However, payers who spend below the 3 percent threshold must repay HHS a portion of the actual spending and target spending difference. In contrast, payers who spend more than the threshold will receive a payment based on how much more they spent.

The program aims to stabilize premiums by preventing payers from setting higher premiums to offset or avoid higher-cost individuals.

Milliman reported that payers qualified for $2.9 billion in risk corridor payments in 2014 and another $5.9 billion in payments in 2015.

But limited funding for the program prevented HHS from reimbursing payers the total $8.8 billion. Payers only received a total of $457 million and the payments had to go to 2014 risk corridor shortfalls first.

As a result, the report showed that almost 90 percent of the $8.3 billion program shortfall is still owed to payers who participated in the individual health insurance exchange.

The lack of full risk corridor payments to payers directly contributed to underwriting losses, the report added. If payers had received the full risk corridor payments for both 2014 and 2015, underwriting margin losses for payers selling plans to individuals on the exchange would only have been about 2 percent of earned premium.

Although, underwriting margin losses were partly offset by lower than anticipated transitional reinsurance program participation, Milliman added.

The transitional reinsurance program reimburses health plans that enroll higher-cost beneficiaries. If a beneficiary’s actual care costs exceed a set price, then the plan qualifies for a supplemental payment. The payments come from each payer contributing to the program’s funds.

In 2015, the program paid payers on the individual health insurance exchange about $1.9 billion more than expected because reinsurance contributions that year were greater than reinsurance payments in 2014.
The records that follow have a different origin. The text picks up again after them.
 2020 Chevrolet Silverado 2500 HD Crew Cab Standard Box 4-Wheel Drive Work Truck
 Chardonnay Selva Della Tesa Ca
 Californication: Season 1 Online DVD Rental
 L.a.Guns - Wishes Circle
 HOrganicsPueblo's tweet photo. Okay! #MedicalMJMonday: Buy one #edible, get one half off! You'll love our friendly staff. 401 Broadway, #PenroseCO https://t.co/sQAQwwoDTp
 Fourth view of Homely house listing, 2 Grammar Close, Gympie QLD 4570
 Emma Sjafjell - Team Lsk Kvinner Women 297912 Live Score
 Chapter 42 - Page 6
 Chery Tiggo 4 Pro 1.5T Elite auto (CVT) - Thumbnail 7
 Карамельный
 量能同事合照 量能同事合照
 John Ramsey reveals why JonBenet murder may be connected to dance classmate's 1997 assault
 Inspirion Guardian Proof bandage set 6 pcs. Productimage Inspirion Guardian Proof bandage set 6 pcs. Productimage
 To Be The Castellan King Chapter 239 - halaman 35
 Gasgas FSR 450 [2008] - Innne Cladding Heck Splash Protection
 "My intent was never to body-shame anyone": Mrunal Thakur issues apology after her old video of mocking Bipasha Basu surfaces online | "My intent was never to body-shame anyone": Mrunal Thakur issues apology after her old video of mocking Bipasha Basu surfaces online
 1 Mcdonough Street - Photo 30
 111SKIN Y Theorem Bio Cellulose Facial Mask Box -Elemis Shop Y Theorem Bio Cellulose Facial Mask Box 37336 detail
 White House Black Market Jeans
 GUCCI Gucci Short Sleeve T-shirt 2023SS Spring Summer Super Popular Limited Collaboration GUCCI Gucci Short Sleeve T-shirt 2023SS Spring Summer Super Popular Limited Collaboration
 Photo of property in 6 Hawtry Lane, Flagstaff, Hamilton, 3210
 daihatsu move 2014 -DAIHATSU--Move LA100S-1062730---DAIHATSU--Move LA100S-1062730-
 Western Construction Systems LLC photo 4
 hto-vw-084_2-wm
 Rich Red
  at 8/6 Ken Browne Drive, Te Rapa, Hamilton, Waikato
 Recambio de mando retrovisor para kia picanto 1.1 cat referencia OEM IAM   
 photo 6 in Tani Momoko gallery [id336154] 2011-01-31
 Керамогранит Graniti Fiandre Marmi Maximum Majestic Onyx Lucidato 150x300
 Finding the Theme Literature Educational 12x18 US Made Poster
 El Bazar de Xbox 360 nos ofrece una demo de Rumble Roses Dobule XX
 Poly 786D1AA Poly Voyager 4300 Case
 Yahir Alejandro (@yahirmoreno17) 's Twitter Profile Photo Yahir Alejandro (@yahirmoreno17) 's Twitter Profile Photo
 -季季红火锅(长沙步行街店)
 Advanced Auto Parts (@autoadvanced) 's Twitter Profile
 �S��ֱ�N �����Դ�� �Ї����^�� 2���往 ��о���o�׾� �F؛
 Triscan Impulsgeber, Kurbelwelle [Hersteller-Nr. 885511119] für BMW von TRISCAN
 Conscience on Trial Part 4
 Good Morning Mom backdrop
Despite financial losses for payers, the health insurance exchange for individuals seeking coverage has gained traction among consumers since 2014. Milliman reported that health insurance exchange enrollment on the individual market grew from 15 million in 2014 to 17.5 million in 2015, even though small group enrollment declined by 2.5 million.

Researchers attributed the enrollment boost to federal premium assistance programs for consumers, such as advanced premium tax credits (APTC) and cost-shared reduction (CSR) subsidies.

Source: Milliman

Consumers may be looking more to the health insurance exchange for coverage, but the influx of enrollees may spell financial trouble for payers, especially since many receive premium assistance because of their low incomes, researchers stated.

“With this growth come changing population characteristics and corresponding pricing challenge for insurance carriers operating in the market,” Milliman wrote. “These population changes, coupled with regulatory uncertainty associated with the risk corridor program, likely contributed to the underwriting losses experienced by many individual market insurers.”

As the new presidential administration and Congress work on potential health insurance exchange reforms, Milliman intends for the financial report to inform policymakers about how the Affordable Care Act’s exchange impacts payers and consumers.

“With the United States potentially undertaking another round of health insurance reform in the near future, insurers and policymakers should study the enrollment and financial results that have occurred under the ACA [Affordable Care Act] to better understand how insurance markets may react to future regulatory and legislative changes,” concluded the report.